SUPPLIED DATA
++++++++++++++++++++
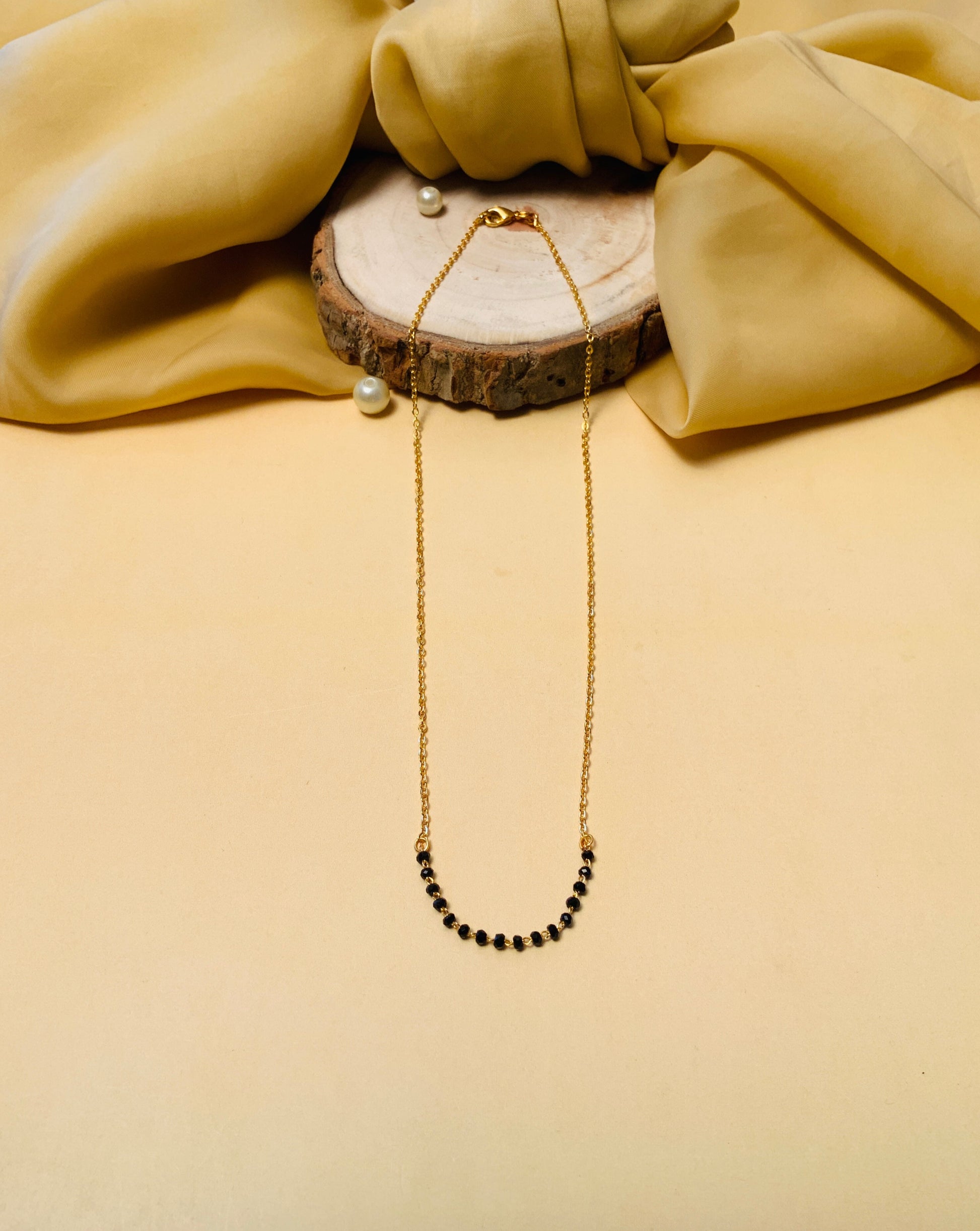 Gold Plated American Diamond Mangalsutra with black beads on a beige fabric and wooden background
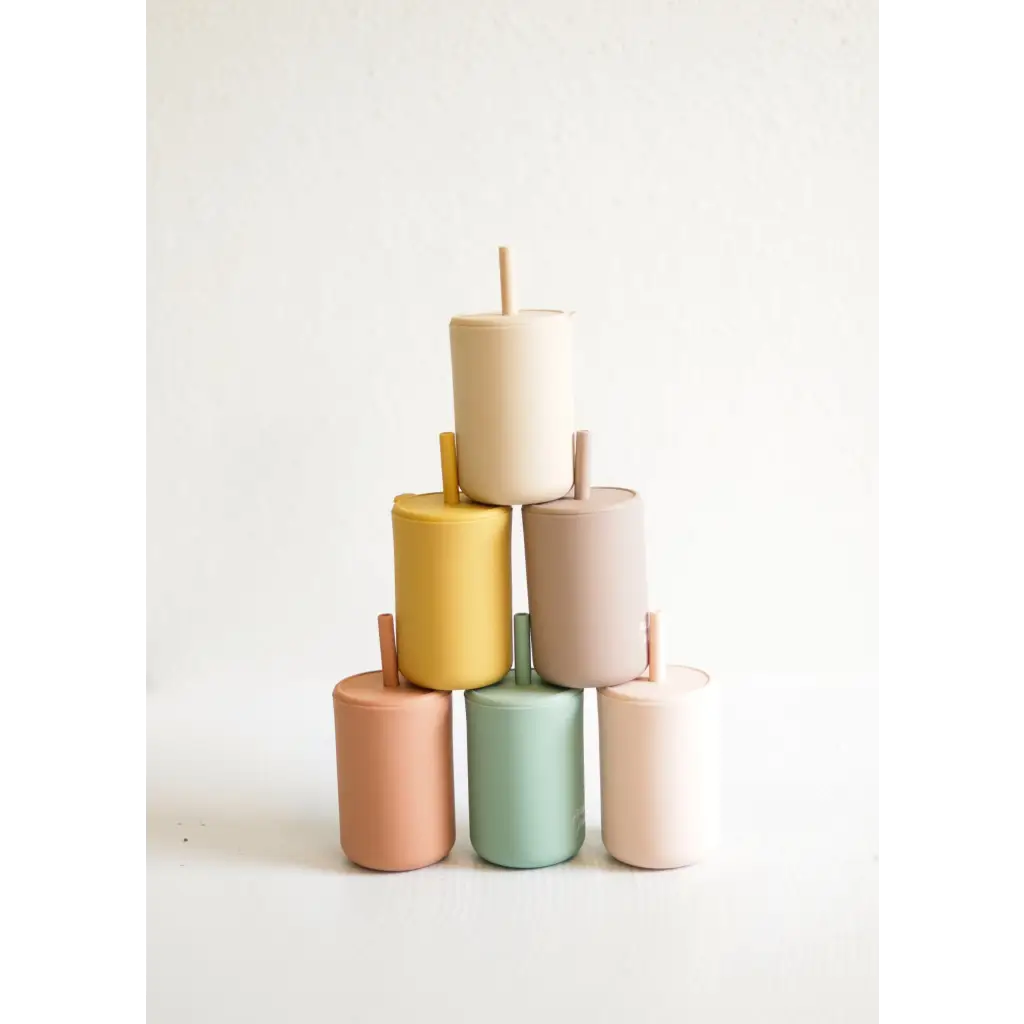 Six pastel cylindrical candles stacked in a pyramid by Pastel Mini Silicone Straw Cups for Kids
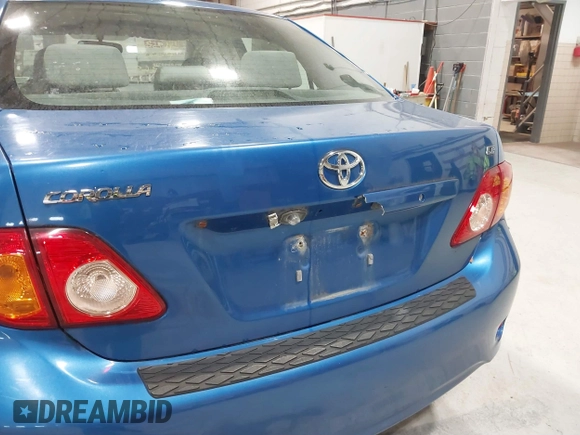 2009 Toyota Corolla with VIN JTDBL40E699037792, listed as a IAAI auction lot 41838231 with 199,690 mi miles. Bid and sale history available at carsss.com. Image 14.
++++++++++++++++++++
ASSIGNMENT
I'd like the material duplicated exactly, without its pictures.

ANSWER AREA
 Gold Plated American Diamond Mangalsutra with black beads on a beige fabric and wooden background
 Six pastel cylindrical candles stacked in a pyramid by Pastel Mini Silicone Straw Cups for Kids
 2009 Toyota Corolla with VIN JTDBL40E699037792, listed as a IAAI auction lot 41838231 with 199,690 mi miles. Bid and sale history available at carsss.com. Image 14.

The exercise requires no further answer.